Bulgarians appear to have taken to preferential voting with a passion, with more than third who voted in the country’s October 5 elections using their right to re-arrange the order of candidates of the party of their choice. Going by provisional figures released by the Central Election Commission, about 34 per cent of those who voted exercised preferential voting – more than 1.1 million people. Preferential voting was brought into Bulgarian law by the rewritten Election Act that was approved in March 2014. Voters’ first chance to use it was in Bulgaria’s May 2014 European Parliament elections, with the most celebrated case involving the Bulgarian Socialist Party. In the May vote, then-party leader Sergei Stanishev was shoved down the list to be replaced by the candidate who was 15th on the list. Momchil Nekov, hitherto obscure, became the toast of those amused by the BSP’s misfortunes.
Because the BSP’s ballot number in the May EP elections was 15, the party at the time sought to ascribe the phenomenon to voter confusion about how to use the system, implying that people had a mistake marking “15” twice only because they wanted to make it clear they were voting BSP. This led it to be known as the “15/15 phenomenon”.

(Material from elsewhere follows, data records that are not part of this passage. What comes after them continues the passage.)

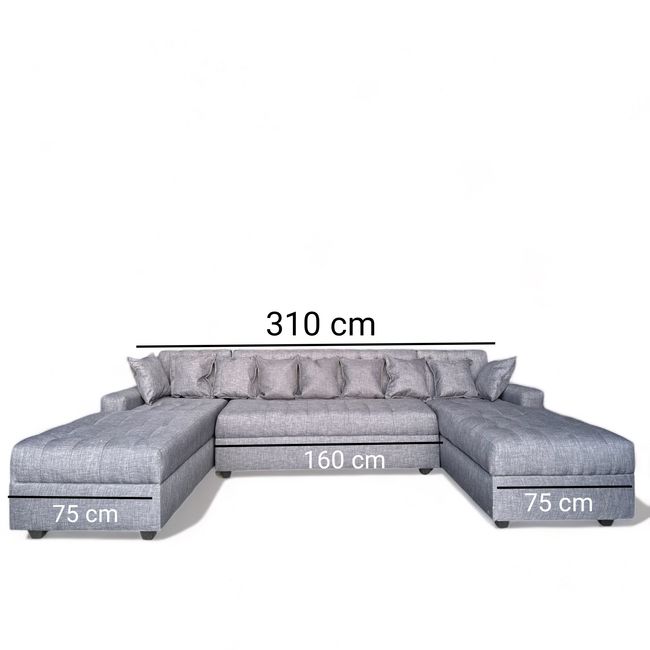 GENERICO - Sofá U Seccional C Living grande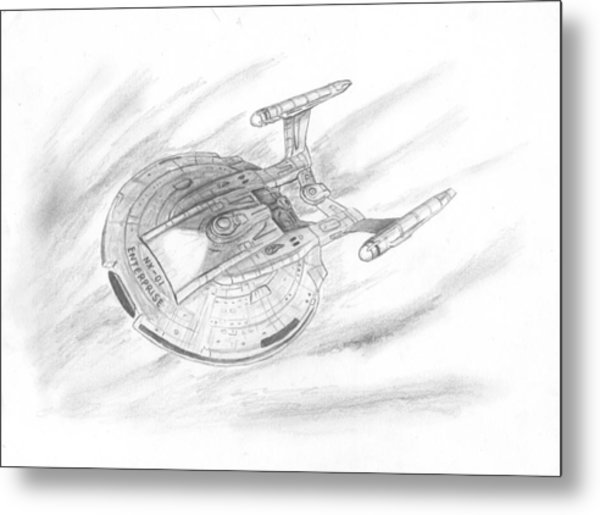 600x515 Nx 01 Enterprise Drawing By Michael Penny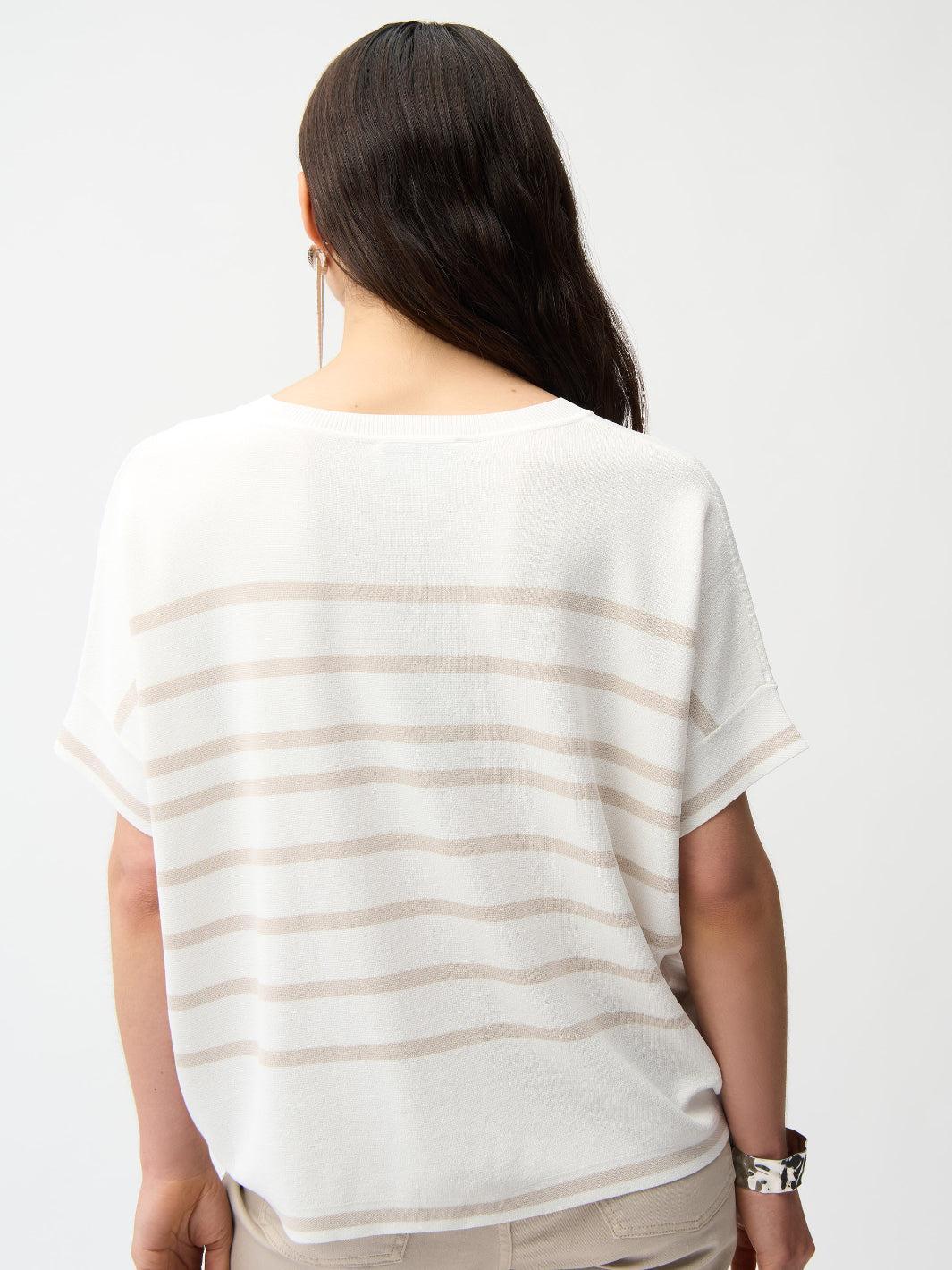 【561-5632】SIGNATURE POINTY RIB KNIT 561-5632】SIGNATURE POINTY RIB KNIT COURRÈGES - WHITE TOP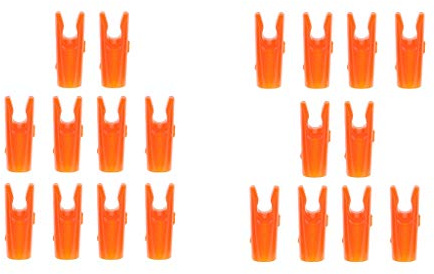 lahomia 20 Pièces Couleur Orange en Plastique de à l'arc Flèche Insertion Encoche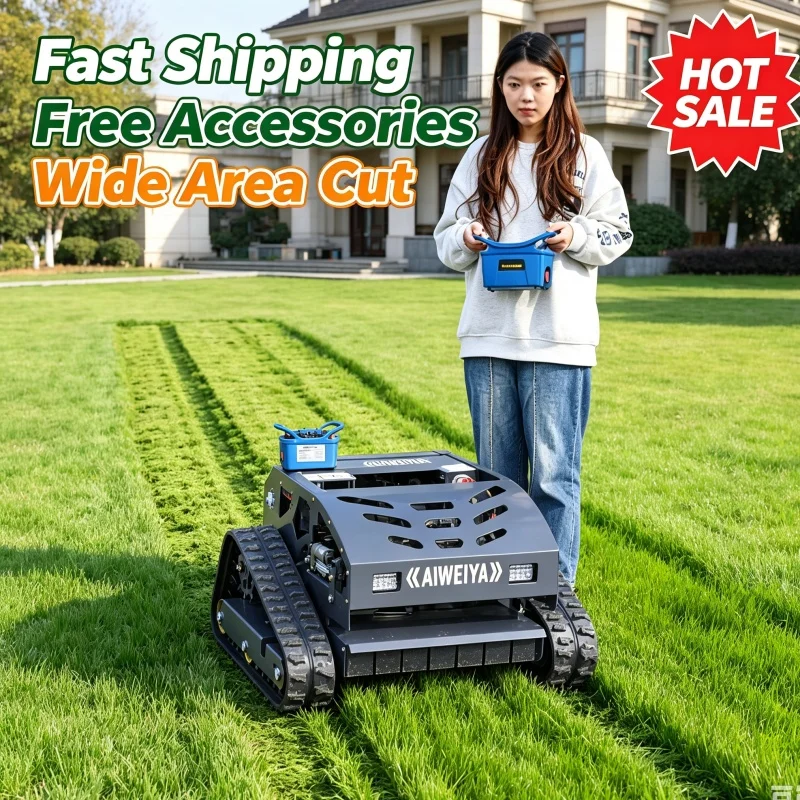 Customized Popular Choice Self Propelled Lawn Mower Grass Cutting Machine Lawn Mower Robot Gas Power For Backyard Orchard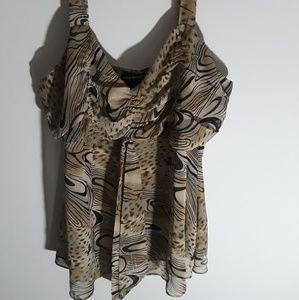 Lane Bryant sheer top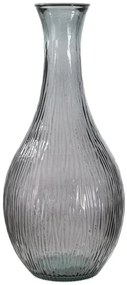 Vaza decorativa fumurie din sticla reciclata, ø 34 cm, Jarron Arabe Mauro Ferreti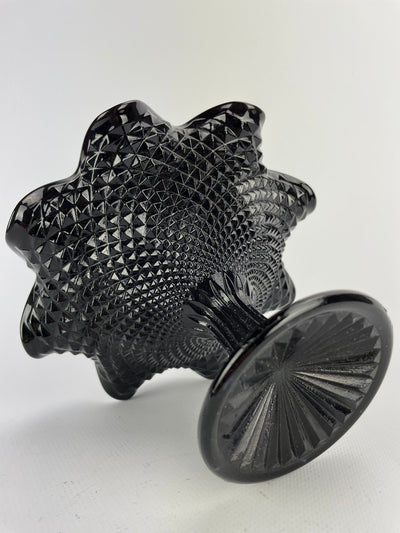 Alzata in vetro nero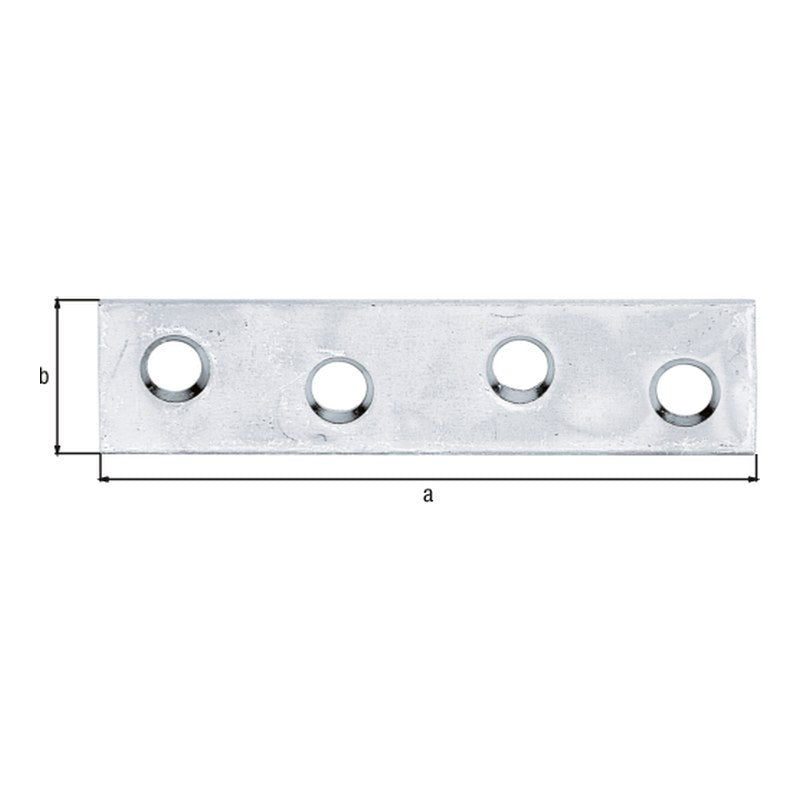 Flachverbinder 60 x 14 mm sendzimirverzinkt – Materialstärke 1,75 mm
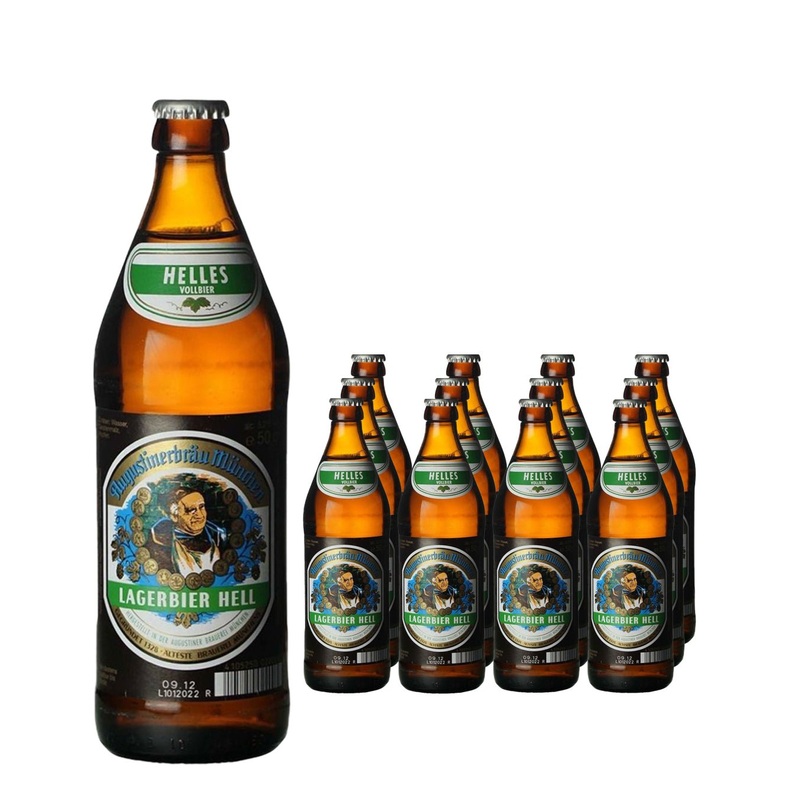 Augustiner Helles Lager Multipack, 12 x 500 ml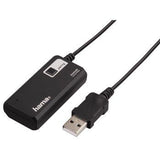 Hama Twin Adaptador De Audio Bluetooth - Jack 3.5mm Hembra - Rango De 10m - Negro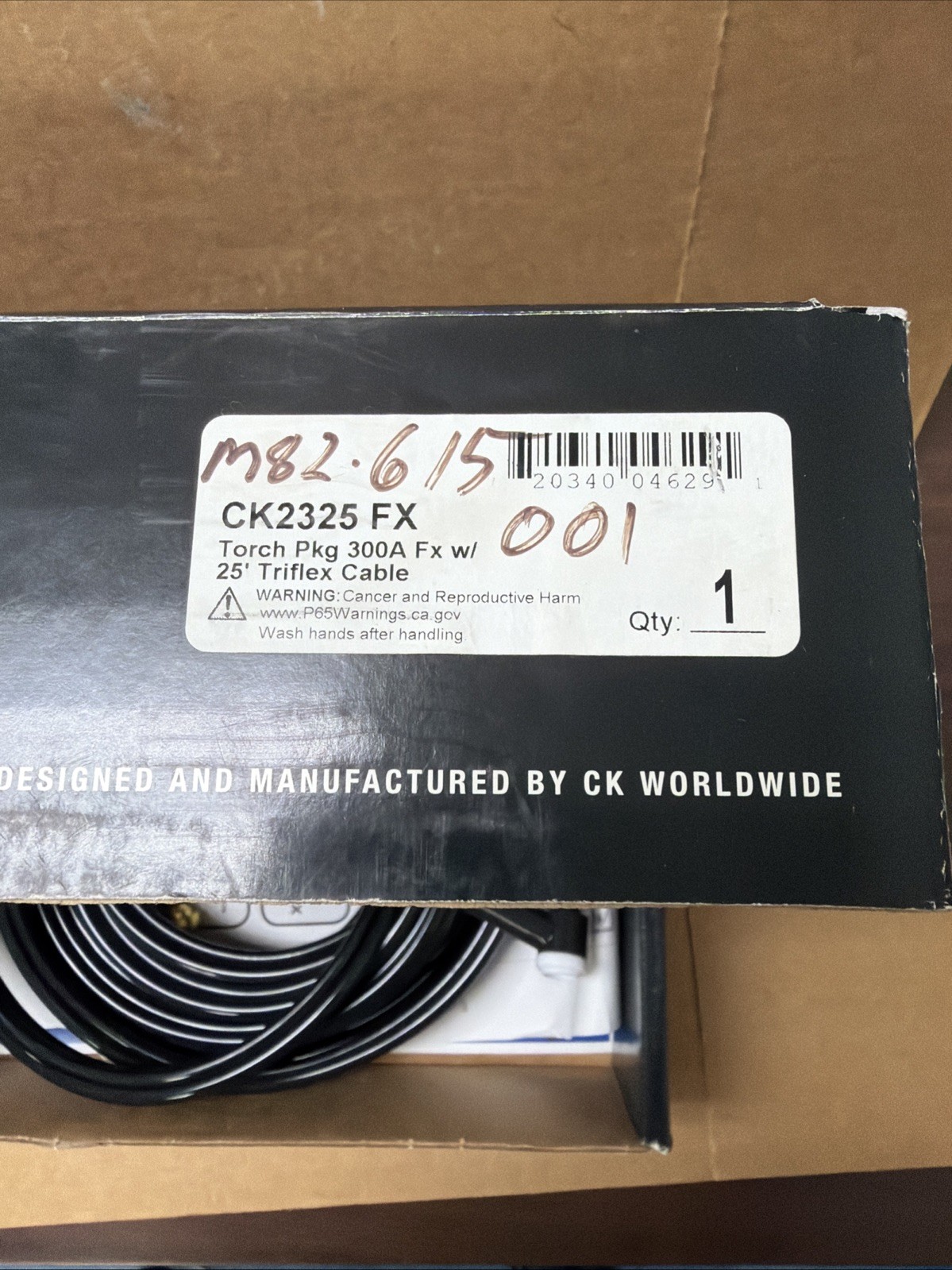 CK Worldwide Master TIG Series CK2325FX TIG Torch Flex Head 25′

However, whatever the truth of the BSP claims, in another case in May, it seemed that no mistake was involved. On the Reformist Bloc ballot, voters for the centre-right alliance of five parties displaced the number one candidate on the ticket, Meglena Kouneva, replacing her with Svetoslav Malinov, who had been second on the list. With the bloc winning only one MEP seat, it went to Malinov.